TEFL is all about giving something back, and doing a job which
is enriching, uplifting and culturally interesting - but what
does it pay?
There are plenty of jobs you can do to bring in the money and
most people we speak to are looking for something to do with
their lives which brings them other, more human rewards. This
is a good outlook to have, as TEFL is not renowned for paying
When we try to get figures from schools on the average rate
of pay, the variance in each country is quite considerable,
such that quoting numbers becomes quite meaningless.

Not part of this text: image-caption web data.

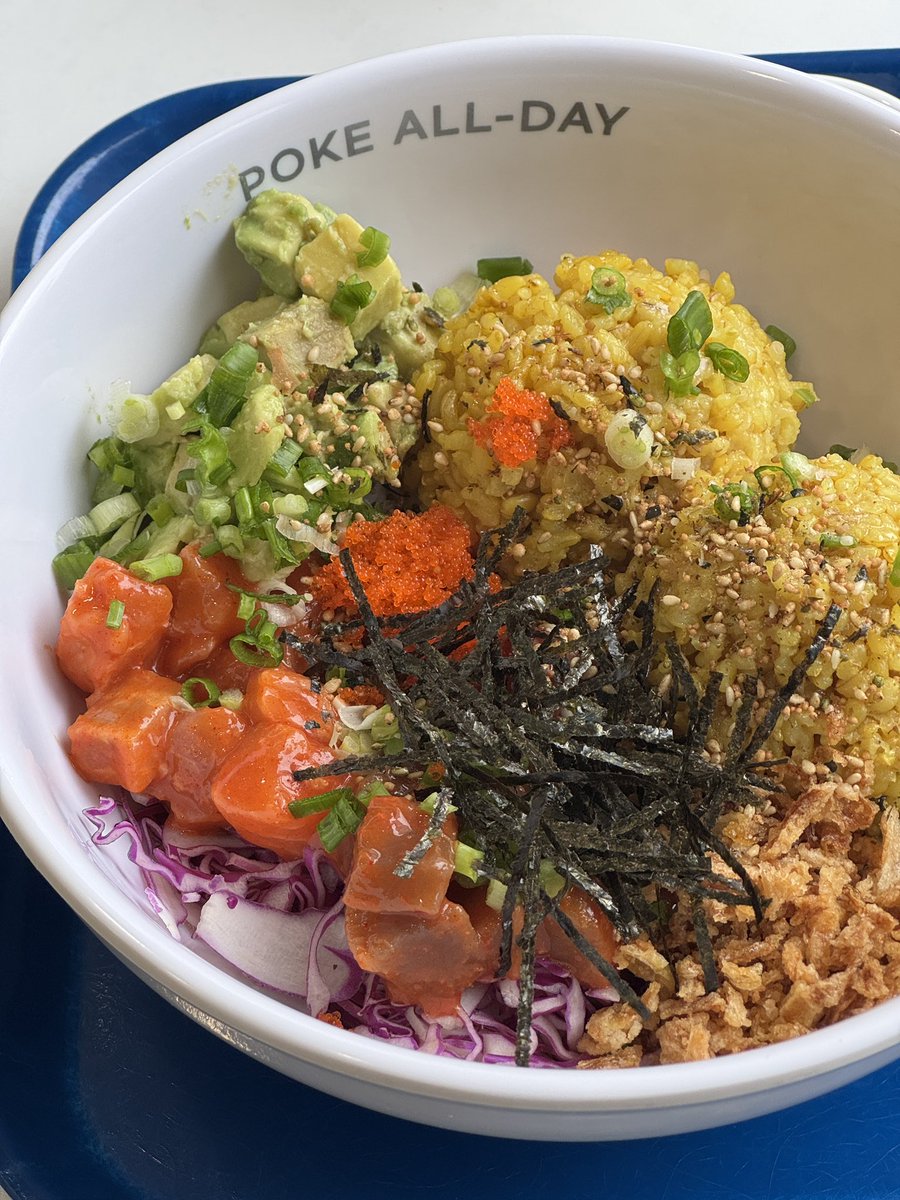 아침 : 고구마 계란 두유 샐러드
점심 : 포케올데이 스파이시 연어참치 포케
저녁 : 외식

포케올데이 처음 먹어봤는데
노란밥이 ‘강황’을 넣은 현미밥 이더라구요!

그냥 현미밥보다 보기에도 
훨씬 맛있어보여서 집에서도 한번 
시도해보려고 합니다 💛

:: TEFL Pay - Rule of Thumb
There does however seem to be a basic TEFL law, which states
that if you're on a full-time contract of 24-26 teaching hours
per week, you will have enough money to pay rent in a modest,
possibly shared apartment, pay for food, get out and about to
explore at weekends, have the odd beer or glass of wine of an
evening, and, over the period of your contract, get some money
put aside for flights home at Christmas.
Generally speaking, you tend to live fairly basically, and
what you earn is not usually enough to support partners, family
back home or pay back debts or mortgage instalments. In many
ways, TEFL can be a bit of a return to your student days, where
there is less emphasis on material 'stuff' and more in being
absorbed into the culture of the experience.
:: The first few months
Any savings you have can act as a valuable cushion on your
arrival abroad. You might well need to pay out a couple of months'
rent as a deposit when you move into a house or flat, and if
you're looking for work when you get there, it might take a
few weeks to secure something, and another month before your
first pay pack arrives.
:: Earning more
As schools don't expect you to stay much beyond an academic
year, it's often quite difficult to try and negotiate any sort
of pay rise with the school you choose to work for. However,
there is no reason why you can't offer to take on extra responsibility,
or try to get further qualifications. Some schools also offer
to pay for your Diploma level qualifications (e.g. Cambridge
DELTA, Trinity LTCL DipTESOL) in return for you agreeing to
be tied to the school for a year or two longer.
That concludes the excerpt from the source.